なので、色んな事を言われた上で、その殆どが『やりたいのは分かるんだけど、そのまま造ったら、海の家が道路沿いにある上の家にぶつかっちゃいますよ。。。』的な話をしたりします。
住宅と海の家で、根本的になにが違うかって言うと。。
そうねぇ・・
住宅はいわゆる建築物です。
建築確認申請も出しまして、構造上問題の無い事も設計者が確認しつつ、特定行政庁の方でも確認をします。
その上で建てられる訳ですが、建築途中にも検査が入りますから、まぁきちんとしていると言えば、きちんとしているやり方です。
では海の家は?
海の家の場合、仮設建築物です。
そう、一番強調しなくてはならないのが、仮設だって事。
海岸のそれぞれの区画を占有する為の許可やマナー面での申請などは行いますし、保健所や消防の指導にも準じた上で進めていきます。
でも、建築確認申請があるかって言うと、住宅ほどのものではありませんし、当然建築物としての安全を確認する検査もありません。
そうなんです、つまりは仮設の建築物であるから、建物の構造は各自で責任を取ってねと言う形になります。
私達は地元の設計事務所であり、実際に施工を行う工務店も兼ねておりますし、プライベートもこの辺りのどこかで過ごしています。
そうすると、当然『あれ、やばいだろ・・・』という造りの海の家を見れば、やっぱり台風や低気圧が来た時に、営業出来る状態ではない海の家も結構見てきました。
そもそも、海の家は仮設の建築物だし、住宅とは違って基礎工事をする概念がありません。
だって毎年壊す訳だし、基礎を壊すなんて事は、ものすごい金額が掛かってしまいます。
だから基礎を造って建てる海の家は無いわけなんですよね。
当然、基礎が無いって事は、ある程度は感覚で進めて行く形になります。
その感覚で必要となってくるが、面で造るのではなくて、ストラクチャーで造るという感覚。
これで分かるかな。

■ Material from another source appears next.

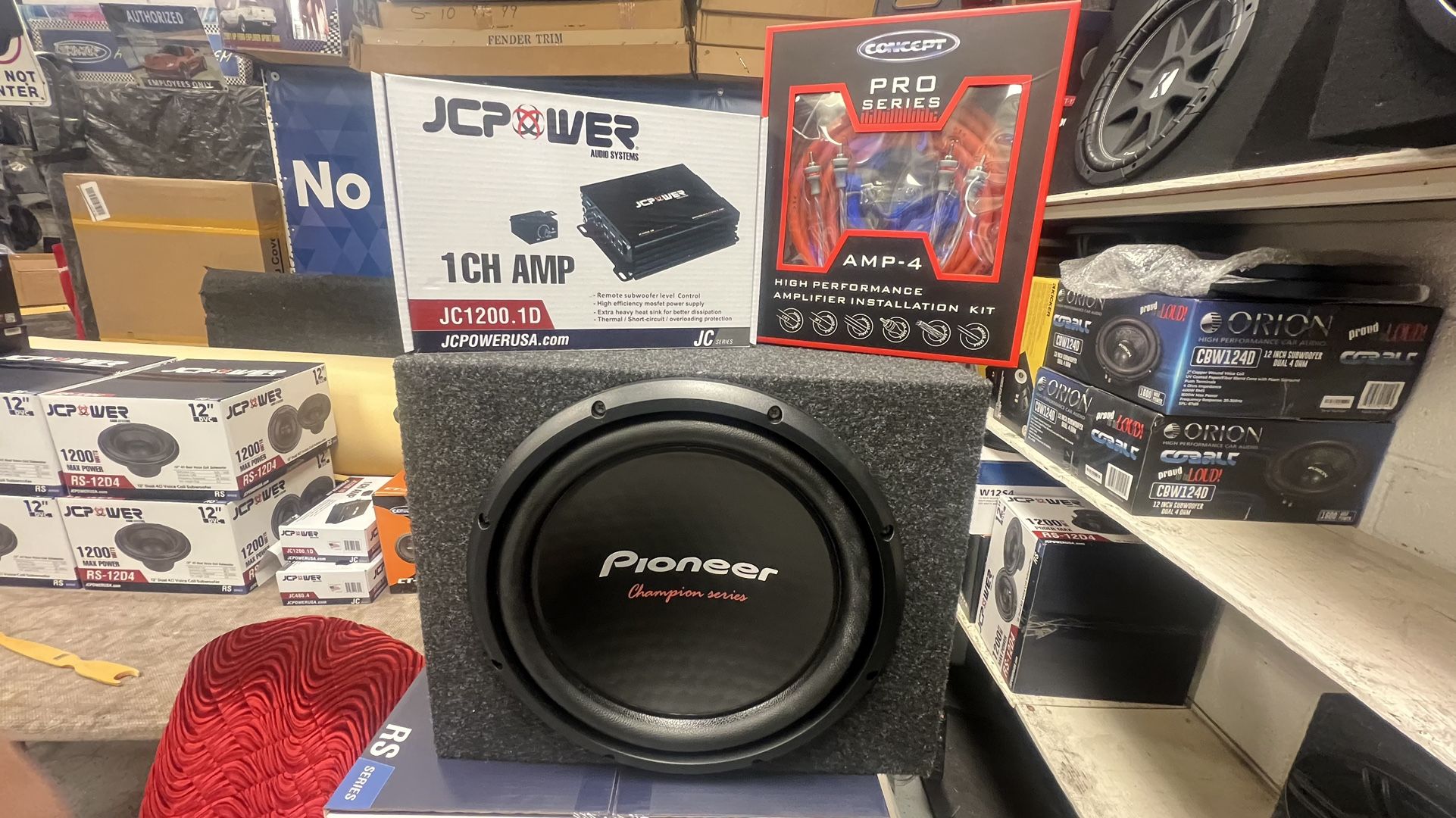 Pioneer System.. Brand New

。
これ、もう夜になってしまっていたので暗いのですが、私のタバコケースをちょこっと砂浜に埋めてみたのと、その辺に転がっていた木の枝を使って例にしてみました。
木の枝は、ほんの少しだけ埋まっているだけですけど、風速10mの風に対して、揺れはするけど建っている。

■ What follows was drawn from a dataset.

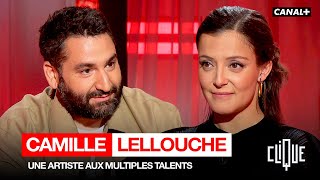 Camille Lellouche  quotEn France on te déchire dès quon se lassequot  CANAL [upl. by Rotsen]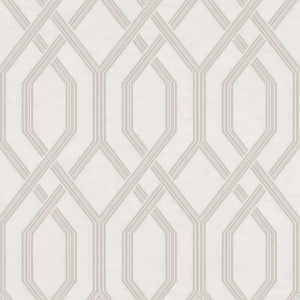 Geometric non-woven wallpaper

所が風に対して木の枝よりも、大きな面積を持つタバコのケースは簡単に倒れてしまいます。
ちなみに砂浜に埋めている深さはどちらもおんなじです。
つまり私達が何を言いたいかって言うと、住宅の場合は雨風や雪、地震などと戦っても負けない様に造ります。
でも海の家などの悪天候が予想される場所に建てる仮設建築物の場合は、自然災害と戦わないで、受け流す方法を取る事が一番なんです。
そんな事を現地で説明させて頂いたのですが、かなりの理解度をイメージ出来た様なので、良かったです。
この他、色々と『こんなのやったら、どうでしょう!』と言われた事に対しての、私の一言。
『うん、無理!失敗してもよければ、やれば良いけどそのニーズは無いと思う。』
気持ちはほんとに良く分かるんだけどね〜
せっかく建てるのであれば、成功する形になってもらいたいので、敢えて駄目出しは多めにさせて頂きました。
それでは葉山町一色海岸 湘南Styleな海の家
夏のオープンまで、海の家を造って行く一連の流れを面白いかと思いますので、連載とさせて頂きます!